Irish exchequer will face a steep post Brexit bill from Brussels
Published 14/09/2016 | 02:30
The initial focus here on the fallout from Brexit has for obvious reasons been on trade, the common travel area and the border with Northern Ireland.
However, Brexit will also have implications for our public finances because the UK is a substantial net contributor to the EU budget. After Germany it is the member state that makes the largest net contribution, even when the UK rebate is taken into account.
This rebate was negotiated with Prime Minister Thatcher in 1984 when the UK was the third poorest member of the European Community but was on course to become the largest net contributor. This scenario arose because the EU budget was dominated by agricultural spending and the UK has a relatively small agricultural sector. The formula for determining how much each member state paid into the EU budget was also relatively unfavourable to the UK.
The rebate in broad terms amounts to 66pc of the UK's net contribution in the previous year, although the formula has been adjusted following the accession of the Central and East European countries to the Union.

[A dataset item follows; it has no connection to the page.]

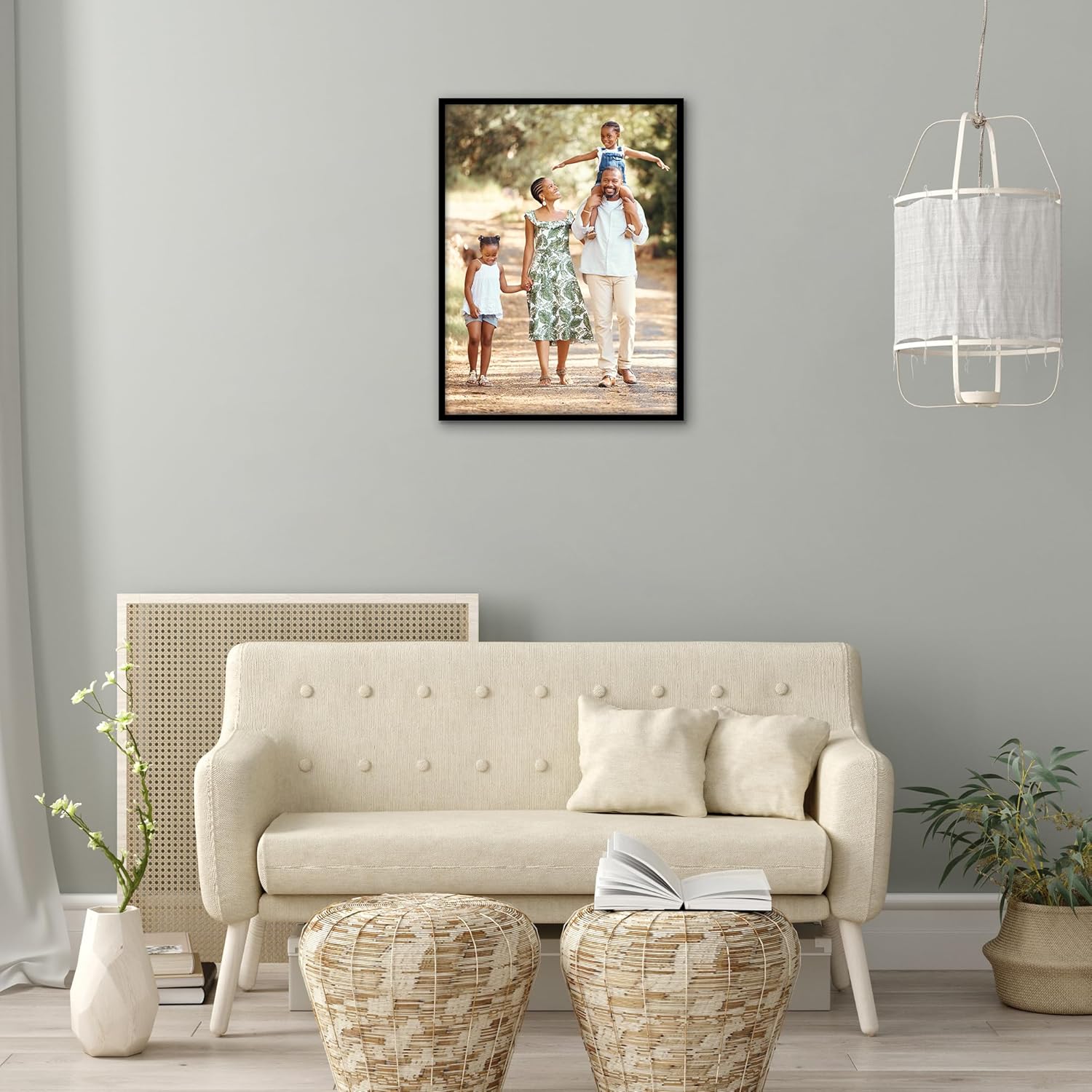 Americanflat Cornice Nera 60x80 cm con Bordo Sottile - immagine 5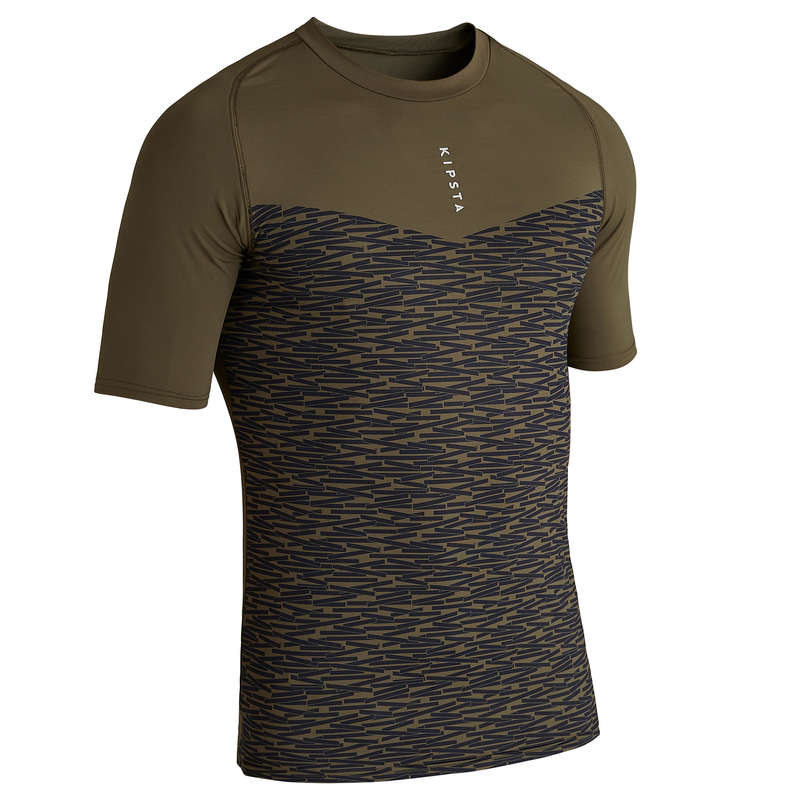 KIPSTA Keepdry 100 Adult Base Layer - Khaki | Decathlon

Even with the rebate, the UK makes a net contribution of around €10.3 billion annually (the average for the period 2012-2015). This compares to total EU expenditure in the remaining member states of €138 billion in 2015.
If the other member states want to maintain the same level of EU expenditure post-Brexit, then this amount would have to be made up through additional contributions from these countries.
If it were distributed proportionately across all member states, each country would have to increase its contribution to the EU budget by around 7.5%. In Ireland's case, this would mean an additional contribution of around €138 million.
However, because of the peculiar way in which the UK rebate is financed, which preferentially favours four member states - Germany, Austria, Netherlands and Sweden - these countries would be called upon to pay proportionately more towards making up the gap left by the UK net contribution in the event of a Brexit.